→ **Required action**: All of the entries below should be copied exactly as they appear.

--- Provided information ---

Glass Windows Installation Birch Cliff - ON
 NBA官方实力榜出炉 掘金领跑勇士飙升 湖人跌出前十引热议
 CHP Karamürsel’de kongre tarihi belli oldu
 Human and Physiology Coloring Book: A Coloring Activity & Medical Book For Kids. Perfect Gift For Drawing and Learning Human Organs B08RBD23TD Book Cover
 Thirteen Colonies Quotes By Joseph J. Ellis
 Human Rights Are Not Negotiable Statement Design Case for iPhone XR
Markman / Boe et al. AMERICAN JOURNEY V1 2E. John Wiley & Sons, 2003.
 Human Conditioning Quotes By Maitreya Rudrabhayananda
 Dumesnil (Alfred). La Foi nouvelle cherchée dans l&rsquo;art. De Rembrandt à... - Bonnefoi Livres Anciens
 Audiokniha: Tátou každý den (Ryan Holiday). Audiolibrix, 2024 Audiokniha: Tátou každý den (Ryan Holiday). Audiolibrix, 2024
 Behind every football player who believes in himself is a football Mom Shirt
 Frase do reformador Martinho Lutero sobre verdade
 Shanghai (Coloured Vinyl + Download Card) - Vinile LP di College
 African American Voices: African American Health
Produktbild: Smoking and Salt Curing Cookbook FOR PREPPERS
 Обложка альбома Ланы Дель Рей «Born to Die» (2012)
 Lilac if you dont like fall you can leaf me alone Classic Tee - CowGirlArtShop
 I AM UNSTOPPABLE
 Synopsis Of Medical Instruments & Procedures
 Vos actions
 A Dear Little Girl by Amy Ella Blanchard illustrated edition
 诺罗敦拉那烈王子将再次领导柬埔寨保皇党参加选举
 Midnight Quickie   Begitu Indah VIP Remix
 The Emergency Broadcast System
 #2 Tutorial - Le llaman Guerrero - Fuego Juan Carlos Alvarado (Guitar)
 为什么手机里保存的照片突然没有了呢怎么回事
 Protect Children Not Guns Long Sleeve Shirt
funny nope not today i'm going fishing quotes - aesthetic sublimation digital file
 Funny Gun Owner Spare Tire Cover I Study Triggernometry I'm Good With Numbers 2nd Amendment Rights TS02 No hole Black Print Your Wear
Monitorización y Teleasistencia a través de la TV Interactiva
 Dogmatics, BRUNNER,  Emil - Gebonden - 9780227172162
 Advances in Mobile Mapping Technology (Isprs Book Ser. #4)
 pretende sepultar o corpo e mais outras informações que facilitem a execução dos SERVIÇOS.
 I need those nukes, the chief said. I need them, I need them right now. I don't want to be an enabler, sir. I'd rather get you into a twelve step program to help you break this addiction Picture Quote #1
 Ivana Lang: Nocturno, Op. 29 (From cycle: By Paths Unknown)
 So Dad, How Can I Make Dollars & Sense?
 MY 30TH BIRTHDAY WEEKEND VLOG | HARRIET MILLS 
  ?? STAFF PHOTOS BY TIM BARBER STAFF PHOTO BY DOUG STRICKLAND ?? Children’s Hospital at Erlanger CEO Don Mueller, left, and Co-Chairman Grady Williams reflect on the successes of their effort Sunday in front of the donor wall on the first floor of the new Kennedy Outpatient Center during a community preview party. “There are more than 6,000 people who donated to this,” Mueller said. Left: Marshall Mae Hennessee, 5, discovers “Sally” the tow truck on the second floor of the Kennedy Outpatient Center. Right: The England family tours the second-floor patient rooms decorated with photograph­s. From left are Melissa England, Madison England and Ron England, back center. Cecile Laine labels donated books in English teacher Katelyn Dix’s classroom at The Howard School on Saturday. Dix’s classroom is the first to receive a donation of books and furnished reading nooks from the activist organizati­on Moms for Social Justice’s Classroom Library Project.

---

→ **Response box**:
Glass Windows Installation Birch Cliff - ON
 NBA官方实力榜出炉 掘金领跑勇士飙升 湖人跌出前十引热议
 CHP Karamürsel’de kongre tarihi belli oldu
 Human and Physiology Coloring Book: A Coloring Activity & Medical Book For Kids. Perfect Gift For Drawing and Learning Human Organs B08RBD23TD Book Cover
 Thirteen Colonies Quotes By Joseph J. Ellis
 Human Rights Are Not Negotiable Statement Design Case for iPhone XR
Markman / Boe et al. AMERICAN JOURNEY V1 2E. John Wiley & Sons, 2003.
 Human Conditioning Quotes By Maitreya Rudrabhayananda
 Dumesnil (Alfred). La Foi nouvelle cherchée dans l&rsquo;art. De Rembrandt à... - Bonnefoi Livres Anciens
 Audiokniha: Tátou každý den (Ryan Holiday). Audiolibrix, 2024 Audiokniha: Tátou každý den (Ryan Holiday). Audiolibrix, 2024
 Behind every football player who believes in himself is a football Mom Shirt
 Frase do reformador Martinho Lutero sobre verdade
 Shanghai (Coloured Vinyl + Download Card) - Vinile LP di College
 African American Voices: African American Health
Produktbild: Smoking and Salt Curing Cookbook FOR PREPPERS
 Обложка альбома Ланы Дель Рей «Born to Die» (2012)
 Lilac if you dont like fall you can leaf me alone Classic Tee - CowGirlArtShop
 I AM UNSTOPPABLE
 Synopsis Of Medical Instruments & Procedures
 Vos actions
 A Dear Little Girl by Amy Ella Blanchard illustrated edition
 诺罗敦拉那烈王子将再次领导柬埔寨保皇党参加选举
 Midnight Quickie   Begitu Indah VIP Remix
 The Emergency Broadcast System
 #2 Tutorial - Le llaman Guerrero - Fuego Juan Carlos Alvarado (Guitar)
 为什么手机里保存的照片突然没有了呢怎么回事
 Protect Children Not Guns Long Sleeve Shirt
funny nope not today i'm going fishing quotes - aesthetic sublimation digital file
 Funny Gun Owner Spare Tire Cover I Study Triggernometry I'm Good With Numbers 2nd Amendment Rights TS02 No hole Black Print Your Wear
Monitorización y Teleasistencia a través de la TV Interactiva
 Dogmatics, BRUNNER,  Emil - Gebonden - 9780227172162
 Advances in Mobile Mapping Technology (Isprs Book Ser. #4)
 pretende sepultar o corpo e mais outras informações que facilitem a execução dos SERVIÇOS.
 I need those nukes, the chief said. I need them, I need them right now. I don't want to be an enabler, sir. I'd rather get you into a twelve step program to help you break this addiction Picture Quote #1
 Ivana Lang: Nocturno, Op. 29 (From cycle: By Paths Unknown)
 So Dad, How Can I Make Dollars & Sense?
 MY 30TH BIRTHDAY WEEKEND VLOG | HARRIET MILLS 
  ?? STAFF PHOTOS BY TIM BARBER STAFF PHOTO BY DOUG STRICKLAND ?? Children’s Hospital at Erlanger CEO Don Mueller, left, and Co-Chairman Grady Williams reflect on the successes of their effort Sunday in front of the donor wall on the first floor of the new Kennedy Outpatient Center during a community preview party. “There are more than 6,000 people who donated to this,” Mueller said. Left: Marshall Mae Hennessee, 5, discovers “Sally” the tow truck on the second floor of the Kennedy Outpatient Center. Right: The England family tours the second-floor patient rooms decorated with photograph­s. From left are Melissa England, Madison England and Ron England, back center. Cecile Laine labels donated books in English teacher Katelyn Dix’s classroom at The Howard School on Saturday. Dix’s classroom is the first to receive a donation of books and furnished reading nooks from the activist organizati­on Moms for Social Justice’s Classroom Library Project.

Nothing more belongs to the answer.